My mother was more of a thread crocheter than a knitter, but when my baby sisters came along (planned family, as opposed to me, the accident eleven years earlier), she used a 'toy' plastic loom to knit them skirts, scarves, and hats. She only took up knitting with two needles after they were all in school. Two needles are more portable than even a small loom.


----------



## LaurieJanesplace (Aug 8, 2011)

Loom knitting reminds me of spool weaving only on a bigger spool. I therefore never looked into it much but agree with other comments - I can't quite imagine missing the zen of hand knitting.
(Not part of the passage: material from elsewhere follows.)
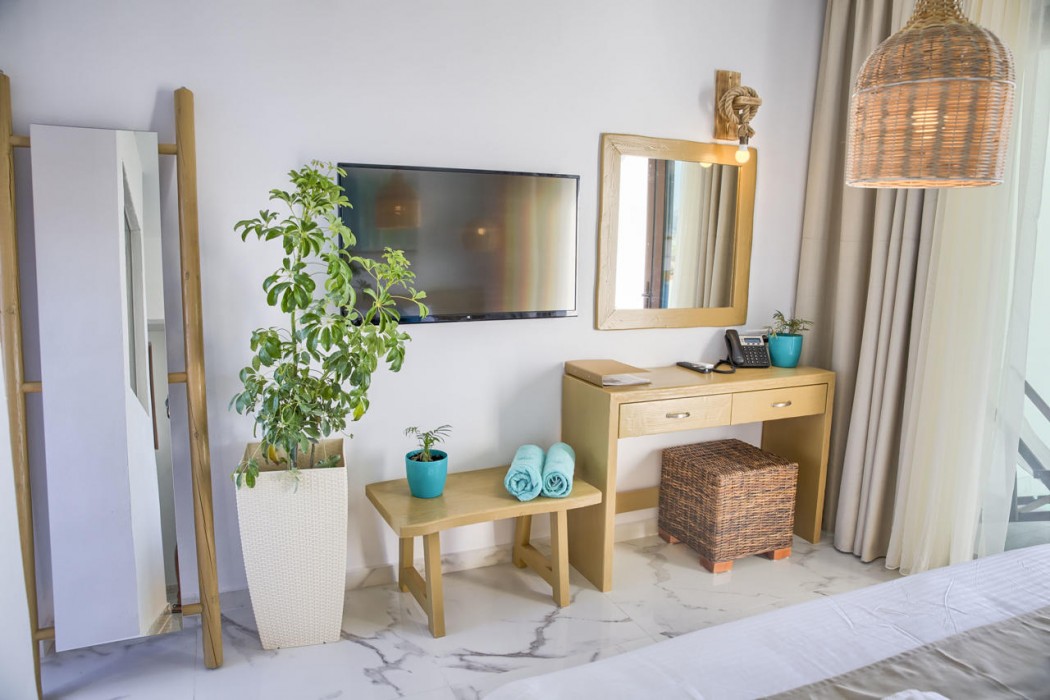 Alia Luxury Suites and Spa 56/169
As for being all thumbs - how long have you been knitting? Which method of knitting do you use - another method may work better for you...there are a multitude of methods to try out.


----------



## 37716 (Sep 27, 2011)

I made my own knitting loom out of trim wood and 1/8" wooden dowels. It works great and I love it.


----------



## 37716 (Sep 27, 2011)

The looms are easier to use. Wrap the yarn in its relaxed state around the pegs, then lift the yarn over the pegs. Don't pull the yarn tightly around the pges. I made my own loom from trim wood and 1/8" wooden dowels, cut to the length I wanted. I glued the dowels onto one piece of the trim wood, let them dry, then glued another piece of trim wood over the top. My gauge is about the same as using size 8 or 9 knitting needles. Making your own loom is easy and you can make it as long as you want.


----------



## evesch (Apr 3, 2011)

kittykatzmom said:


> I have been looking at a video online and I may try it one of these days. To bad my mother still isn't here as she bought all of the new gadgets. I just checked my supply and no loom that looks like thee


If you want a realllly cheap way to try loom knitting to see if you can master it easily enough....Get a large hair comb, the one's with the really fat wide apart teeth. Yarn of course and a crochet hook is sometimes helpful but your fingers serve well enough for this. Loop the yarn around each tooth so that the yarn crosses in the back away from you and continue to wrap all the teeth in this circular way. Then start back the other direction wrapping the teeth the same way with the crossing in the back. Once those two wraps are on start lifting the bottom loop up and over the tooth making sure that the upper wrap stays on the tooth. Do this all the way across the comb. Once that first row is done you wrap again and lift the bottom stitch again and repeat till you have the length you want. This will give you an idea of what using a single rake knitting board would be like. There are a lot more things that can be done but this gives a taste for super cheap.


----------



## cathy47 (Jun 6, 2011)

the looms are okay for just basic type knitting but if you want to do things like lace with fine yarn needles best, if you want designs in the pattern like snow flakes and such I don't see how that is possible outside of handstitching them on. I didn't find them very relaxing either and to bulky to take places and I always tote my knitting in some form with me. 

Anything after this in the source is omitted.